> _Exercise aim_
Look below for the line with "SoftBank OpenAI margin loan" and the line with "关于欧国杯强弱悬殊，预测哪支球队会称王？的信息"; repeat exactly those two lines and all lines between them, but no pictures.

> _Listed records_
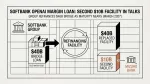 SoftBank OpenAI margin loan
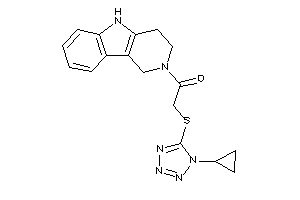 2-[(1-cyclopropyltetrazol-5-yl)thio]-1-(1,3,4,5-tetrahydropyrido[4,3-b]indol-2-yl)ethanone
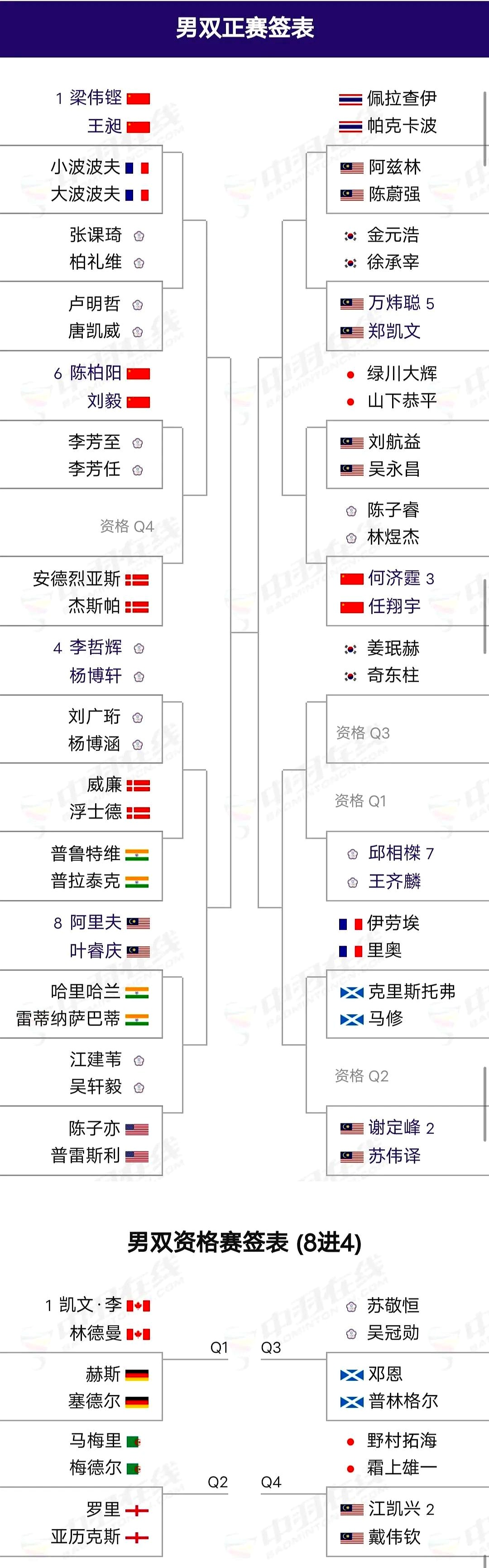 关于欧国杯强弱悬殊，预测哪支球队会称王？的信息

---

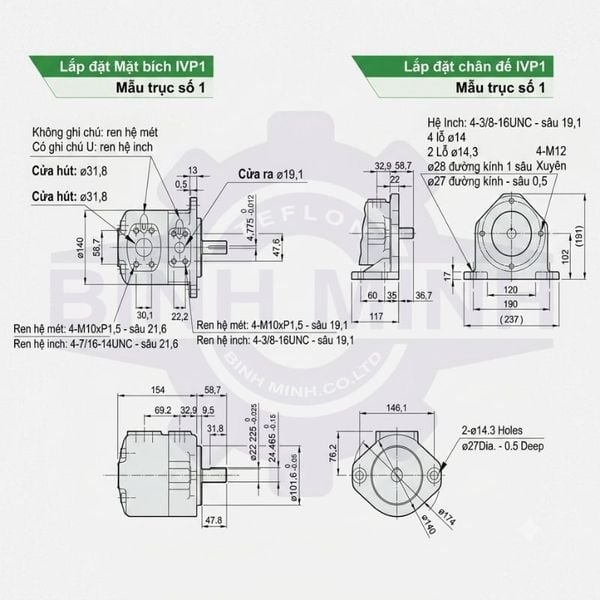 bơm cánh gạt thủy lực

* * *

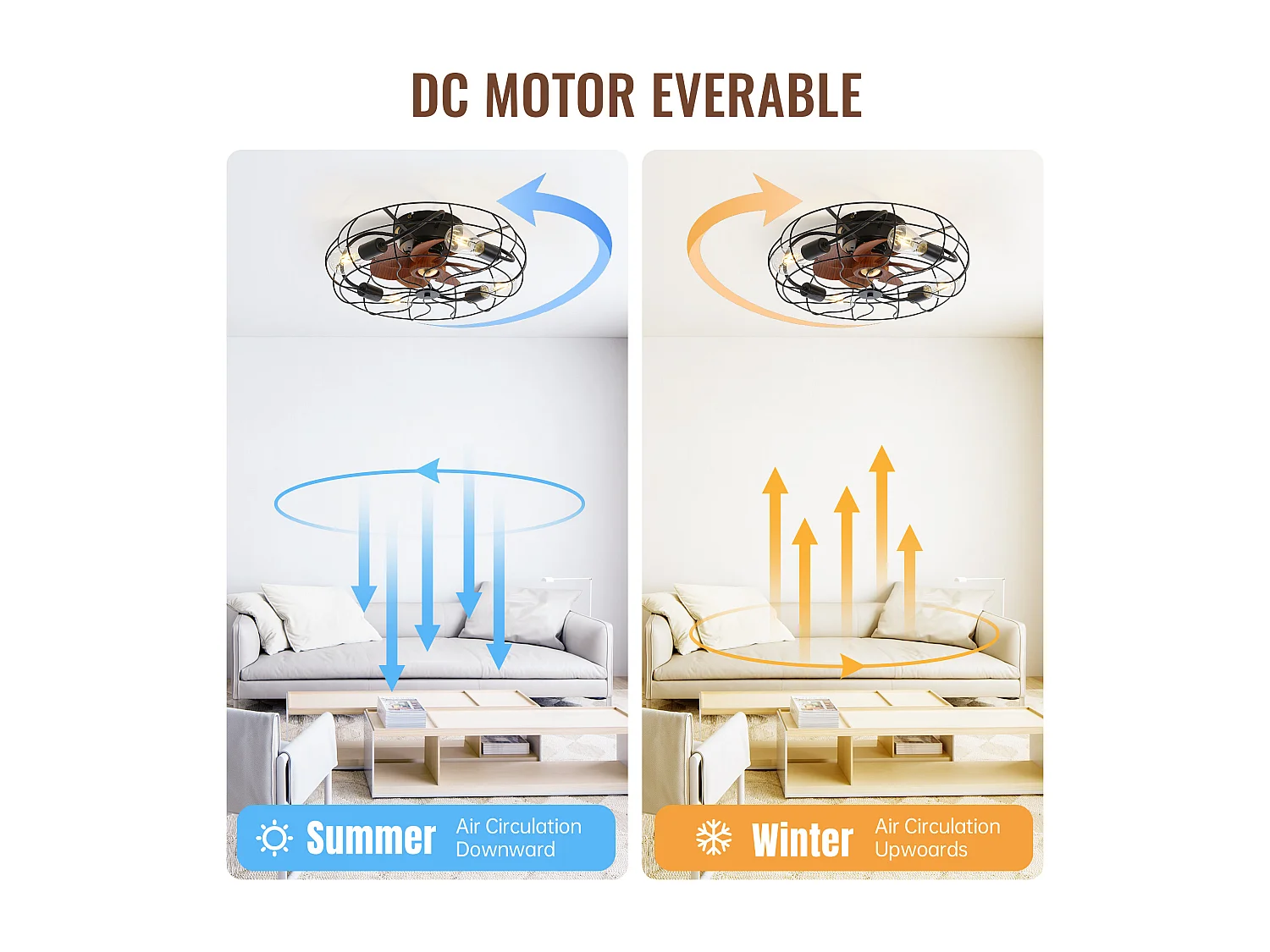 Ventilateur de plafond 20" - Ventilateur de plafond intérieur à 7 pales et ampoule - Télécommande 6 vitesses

> _Answer section_
 SoftBank OpenAI margin loan
 2-[(1-cyclopropyltetrazol-5-yl)thio]-1-(1,3,4,5-tetrahydropyrido[4,3-b]indol-2-yl)ethanone
 关于欧国杯强弱悬殊，预测哪支球队会称王？的信息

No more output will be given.